35 points| jafioti | 1 month ago |blog.luminal.com

19 comments

order

measurablefunc|1 month ago

There are only 4 optimizations in computer science: inlining, partial evaluation, dead code elimination, & caching. It looks like AI researchers just discovered inlining & they already knew about caching so eventually they'll get to partial evaluation & dead code elimination.

imtringued|1 month ago

Your list is so short it doesn't even include the basics such as reordering operations.

It also feels incredibly snarky to say "they knew about caching" and that they will get to partial evaluation and dead code elimination, when those seem to be particularly useless (beyond what the CUDA compiler itself does) when it comes to writing GPU kernels or doing machine learning in general.

You can't do any partial evaluation of a neural network because the activation functions are interrupting the multiplication of tensors. If you remove the activation function, then you end up with two linear layers that are equivalent to one linear layer, defeating the point of the idea. You could have trained a network with a single layer instead and achieved the same accuracy with a corresponding shorter training/inference time.

Dead code elimination is even more useless since most kernels are special purpose to begin with and you can't remove tensors without altering the architecture.

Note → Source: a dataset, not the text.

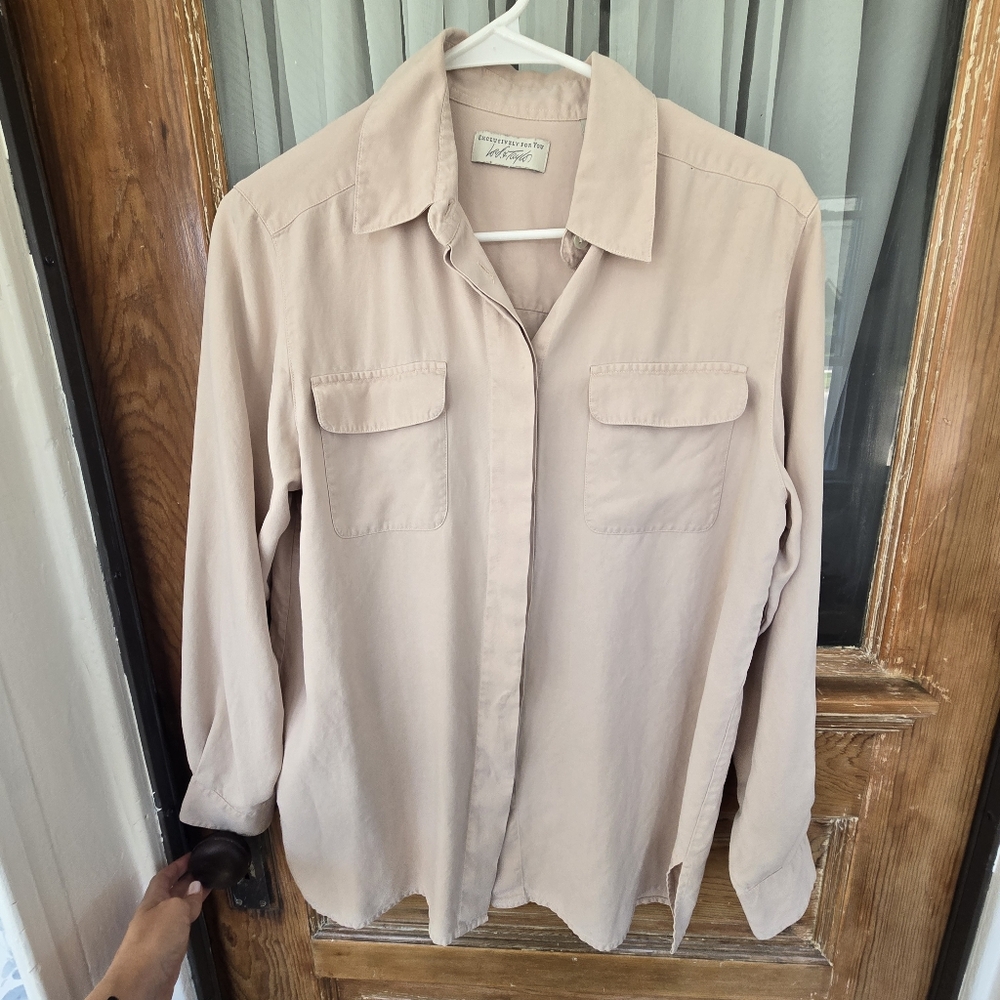 Lord & Taylor Women's Silk Button Blouse Blush Pink Sz 6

Instead of adding useless tensors only to remove them, you could have simply used a better architecture.

fragmede|1 month ago

Dead code elimination is already a technique in AI when someone takes an MoE model and removes an unused "E" from it.

mxkopy|1 month ago

AI actually has some optimizations unique to the field. You can in fact optimize a model to make it work; not a lot of other disciplines put as much emphasis on this as AI

jafioti|1 month ago

That's a bit trite tbh. We all know of these techniques, but actually implementing them on GPUs in a low-overhead manner that maintains the model's fidelity is challenging. It's much more than just breaking out the old CS book and picking the next idea from there.

direwolf20|1 month ago

Model pruning is dead code elimination

geremiiah|1 month ago

So if I'm understanding correctly, you decompose kernels into their per_sm_workload, then you figure out per_sm_data_dependency and then you can schedule sm_workloads from the next kernel to start running as soon as the data dependency is satisfied, not needing to wait for the other sms from the previous kernel to finish.

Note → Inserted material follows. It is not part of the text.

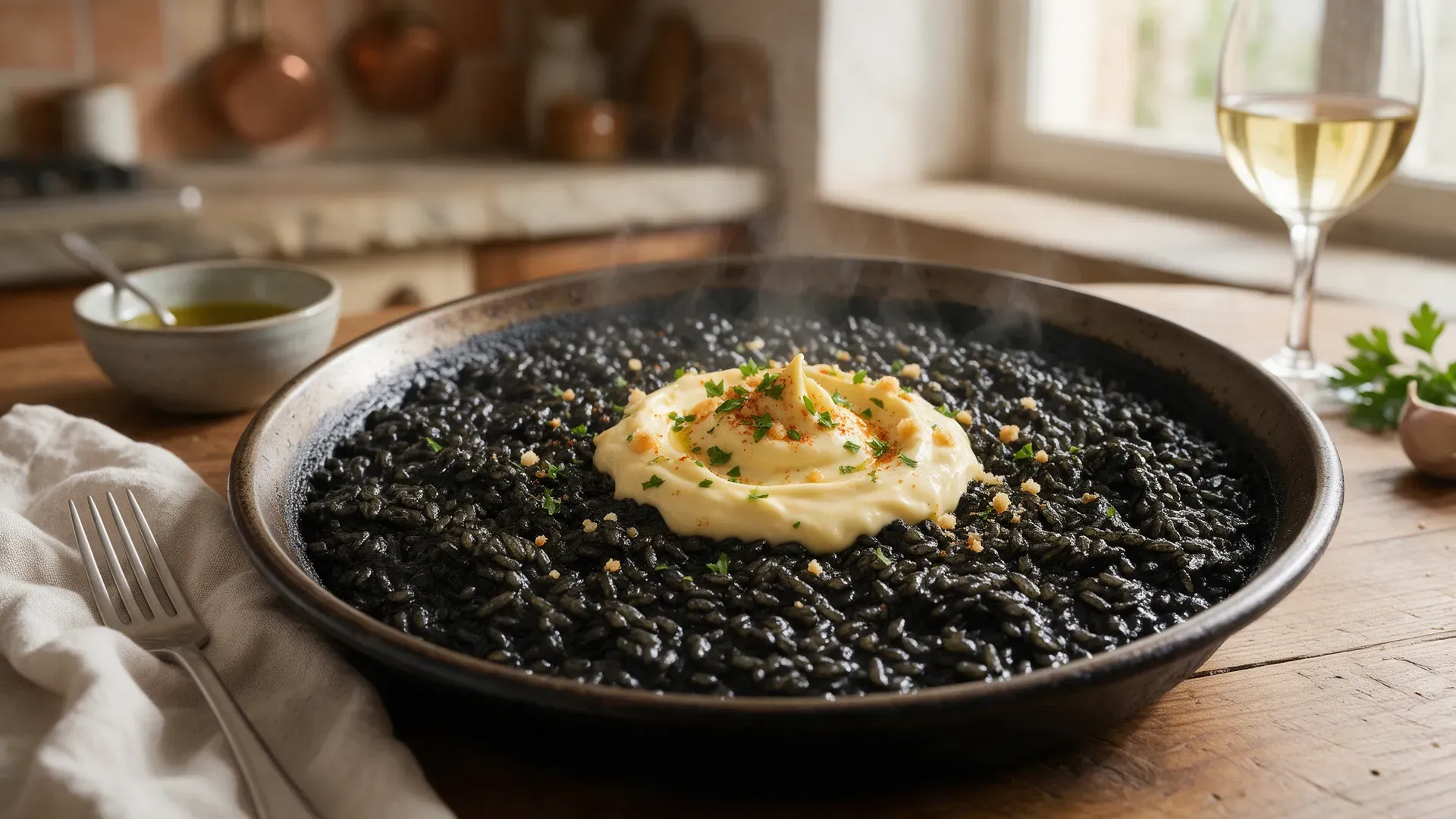 A shallow pan of glossy black squid ink rice topped with a spoonful of garlic allioli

In this case are you're strickly fusing pre defined kernels or are you also optimizing them? Is this complimentary to your earlier work on search-based compilers?

jafioti|1 month ago

Thats reasonably accurate, we're fusing both pre-defined operations as well as codegenned operations. Block-level operations live inside the search space, as do kernel, warp and thread level operations. Since it's a unified search space, we can look through tons of combinations of kernel, block, warp, and thread level ops. When we go to compile them to runnable code, thread ops get compiled to warp ops, warp ops get compiled to block ops, block ops get compiled to kernel ops (megakernels live here!), so at the end of the day everything that gets ran is a kernel.

In other words, very complimentary to our search-based approach.